For A Hiroshima Survivor In Austin, Gardens Have Helped Her Heal

Maintaining the garden at All Saints Church connects Chikako Nichols with her childhood.

By Joy DiazApril 3, 2018 12:03 pm,

Chikako Nichols died peacefully on August 9th, 2019. One of her friends played his violin. Another, placed a yellow flower from Nichols’ garden on her hair.


Chikako Nichols says her family lost everything in the summer of 1945, when the U.S. dropped a bomb on Hiroshima, changing her life forever.

“There was nothing left,” she says. After the explosion, life for survivors in Japan was difficult.

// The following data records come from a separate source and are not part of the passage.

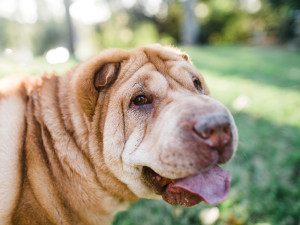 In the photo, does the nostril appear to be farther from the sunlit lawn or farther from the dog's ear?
the sunlit lawn

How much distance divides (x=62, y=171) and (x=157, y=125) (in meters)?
0.89

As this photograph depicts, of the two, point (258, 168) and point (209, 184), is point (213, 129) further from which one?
point (258, 168)

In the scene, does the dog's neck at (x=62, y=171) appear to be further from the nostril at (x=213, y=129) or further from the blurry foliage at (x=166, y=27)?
the blurry foliage at (x=166, y=27)

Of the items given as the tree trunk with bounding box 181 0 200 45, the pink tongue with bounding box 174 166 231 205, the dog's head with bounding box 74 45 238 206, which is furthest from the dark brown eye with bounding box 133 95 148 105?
the tree trunk with bounding box 181 0 200 45

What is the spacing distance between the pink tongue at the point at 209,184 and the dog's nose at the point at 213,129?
0.32 meters

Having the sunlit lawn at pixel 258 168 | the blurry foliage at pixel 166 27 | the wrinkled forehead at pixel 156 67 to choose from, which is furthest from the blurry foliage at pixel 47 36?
the wrinkled forehead at pixel 156 67

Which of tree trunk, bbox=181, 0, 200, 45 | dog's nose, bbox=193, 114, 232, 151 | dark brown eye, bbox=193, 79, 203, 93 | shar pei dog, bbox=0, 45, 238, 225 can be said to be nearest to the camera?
dog's nose, bbox=193, 114, 232, 151

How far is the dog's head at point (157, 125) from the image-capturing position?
71.5 inches

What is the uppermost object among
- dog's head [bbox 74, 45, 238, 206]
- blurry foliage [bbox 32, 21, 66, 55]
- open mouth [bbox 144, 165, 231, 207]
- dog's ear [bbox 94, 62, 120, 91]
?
dog's ear [bbox 94, 62, 120, 91]

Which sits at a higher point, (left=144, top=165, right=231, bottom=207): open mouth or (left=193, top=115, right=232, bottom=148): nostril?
(left=193, top=115, right=232, bottom=148): nostril

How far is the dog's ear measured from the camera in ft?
7.28

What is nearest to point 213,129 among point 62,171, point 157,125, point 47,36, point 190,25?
point 157,125

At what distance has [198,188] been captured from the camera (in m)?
1.96

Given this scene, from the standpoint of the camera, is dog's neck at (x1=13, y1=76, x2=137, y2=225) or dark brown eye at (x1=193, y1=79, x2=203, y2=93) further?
dark brown eye at (x1=193, y1=79, x2=203, y2=93) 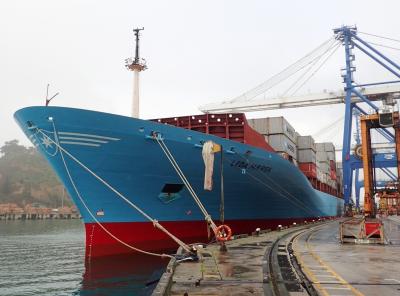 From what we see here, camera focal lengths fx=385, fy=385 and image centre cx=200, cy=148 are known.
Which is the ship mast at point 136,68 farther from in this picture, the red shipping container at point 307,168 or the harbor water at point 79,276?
the red shipping container at point 307,168

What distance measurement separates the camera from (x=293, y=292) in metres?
8.80

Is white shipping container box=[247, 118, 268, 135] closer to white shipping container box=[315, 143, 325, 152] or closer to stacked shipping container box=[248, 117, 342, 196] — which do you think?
stacked shipping container box=[248, 117, 342, 196]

“Every household had a suicide incident,” she says. “I was good at attending a funeral because I went to so many funerals.”

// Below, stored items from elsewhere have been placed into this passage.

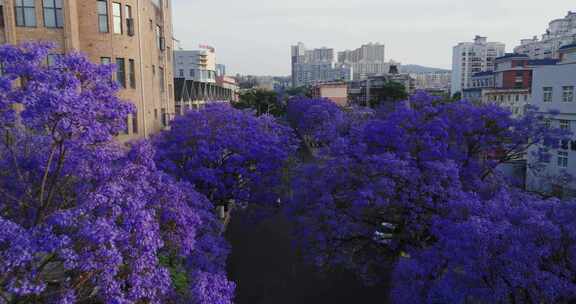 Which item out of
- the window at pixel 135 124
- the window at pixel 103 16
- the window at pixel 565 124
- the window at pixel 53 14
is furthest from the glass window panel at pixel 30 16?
the window at pixel 565 124

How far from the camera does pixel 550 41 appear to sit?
4459 inches

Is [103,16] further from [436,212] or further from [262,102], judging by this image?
[262,102]

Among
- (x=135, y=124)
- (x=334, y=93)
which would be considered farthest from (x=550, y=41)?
(x=135, y=124)

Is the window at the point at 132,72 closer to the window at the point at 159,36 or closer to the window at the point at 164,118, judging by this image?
the window at the point at 159,36

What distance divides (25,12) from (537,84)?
31.0 m

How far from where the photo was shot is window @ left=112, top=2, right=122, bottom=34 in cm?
2194

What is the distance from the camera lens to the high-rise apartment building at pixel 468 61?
124625 millimetres

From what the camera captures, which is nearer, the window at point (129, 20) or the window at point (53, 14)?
the window at point (53, 14)

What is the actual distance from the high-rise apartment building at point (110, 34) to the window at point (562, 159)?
1038 inches

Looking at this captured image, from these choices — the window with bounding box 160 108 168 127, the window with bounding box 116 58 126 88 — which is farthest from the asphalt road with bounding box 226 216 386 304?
the window with bounding box 160 108 168 127

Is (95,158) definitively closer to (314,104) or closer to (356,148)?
(356,148)

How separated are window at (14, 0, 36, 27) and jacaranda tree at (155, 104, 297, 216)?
7.82 metres

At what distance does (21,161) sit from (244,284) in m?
10.4

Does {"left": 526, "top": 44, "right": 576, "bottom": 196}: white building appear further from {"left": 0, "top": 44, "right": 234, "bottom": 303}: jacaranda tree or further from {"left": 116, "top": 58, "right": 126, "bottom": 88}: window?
{"left": 0, "top": 44, "right": 234, "bottom": 303}: jacaranda tree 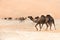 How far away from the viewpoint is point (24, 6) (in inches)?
293

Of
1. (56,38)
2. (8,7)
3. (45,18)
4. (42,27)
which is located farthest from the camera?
(8,7)

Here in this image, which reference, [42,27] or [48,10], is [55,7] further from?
[42,27]

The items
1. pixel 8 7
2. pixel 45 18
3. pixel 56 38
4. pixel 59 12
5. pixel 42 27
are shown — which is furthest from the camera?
pixel 8 7

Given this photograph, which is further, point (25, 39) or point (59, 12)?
point (59, 12)

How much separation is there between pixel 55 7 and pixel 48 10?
225 mm

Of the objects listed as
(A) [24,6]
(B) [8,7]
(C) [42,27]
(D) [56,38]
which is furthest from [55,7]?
(D) [56,38]

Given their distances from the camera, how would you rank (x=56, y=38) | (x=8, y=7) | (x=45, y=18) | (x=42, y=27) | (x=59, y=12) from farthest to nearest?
1. (x=8, y=7)
2. (x=59, y=12)
3. (x=42, y=27)
4. (x=45, y=18)
5. (x=56, y=38)

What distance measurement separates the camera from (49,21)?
3.97 metres

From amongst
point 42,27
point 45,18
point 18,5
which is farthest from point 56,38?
point 18,5

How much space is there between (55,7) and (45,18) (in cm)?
336

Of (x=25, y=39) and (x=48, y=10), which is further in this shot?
(x=48, y=10)

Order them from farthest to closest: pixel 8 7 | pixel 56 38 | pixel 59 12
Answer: pixel 8 7 < pixel 59 12 < pixel 56 38

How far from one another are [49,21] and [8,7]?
377 centimetres

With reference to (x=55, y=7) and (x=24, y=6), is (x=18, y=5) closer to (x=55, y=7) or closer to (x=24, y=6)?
(x=24, y=6)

When she began attending school, her science teacher started building a garden.

“It was a most precious place for me,” she says.

In 1970, Nichols married and moved to the United States – for her, it was a time of fear, anxiety, and uncertainty.

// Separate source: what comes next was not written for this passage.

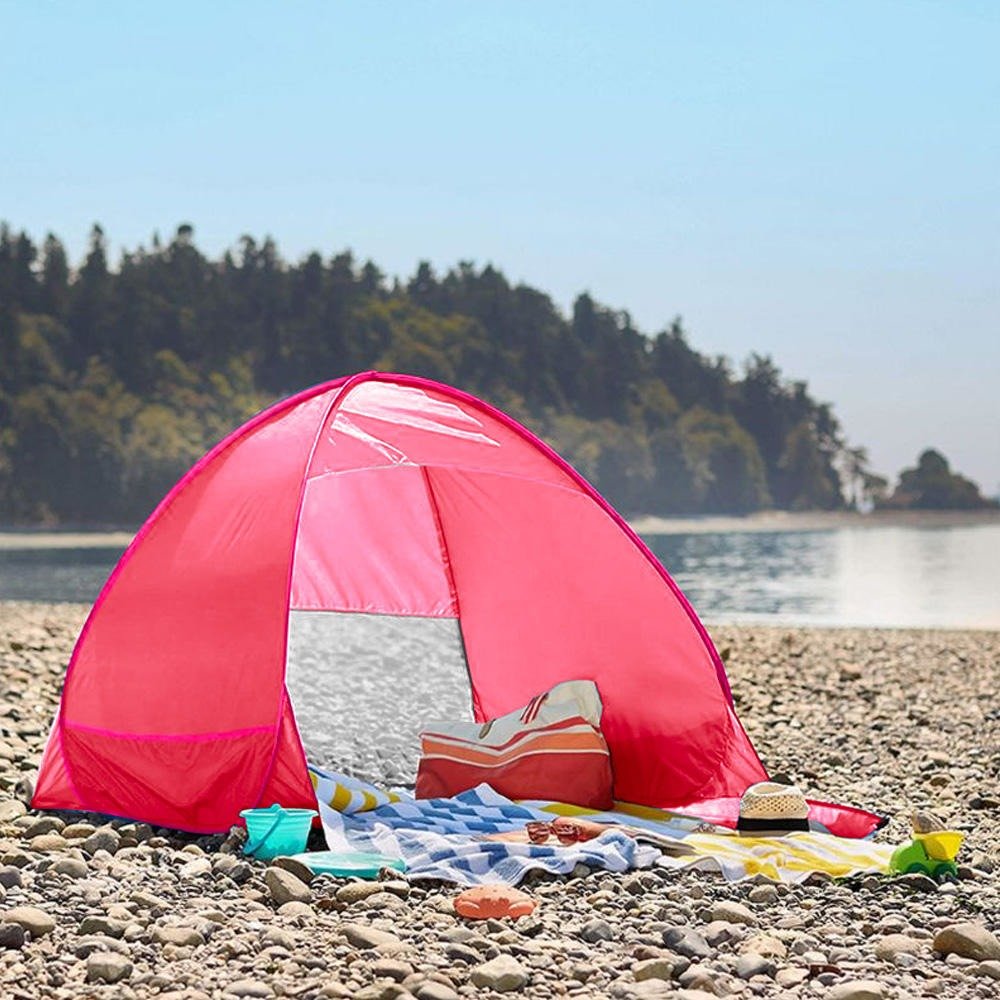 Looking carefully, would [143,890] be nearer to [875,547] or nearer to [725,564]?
[725,564]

She says that, as she gets older, she considers each day a bonus day. She spends her time in the garden she maintains at All Saints Church in Austin, where she hears the birds, smells the flowers and fresh air, and squirrels will visit her.

“It’s strange when I look back,” she says. “This is the country we fought in Japan. This is the country who dropped the bomb. But also this is the country who helped me.”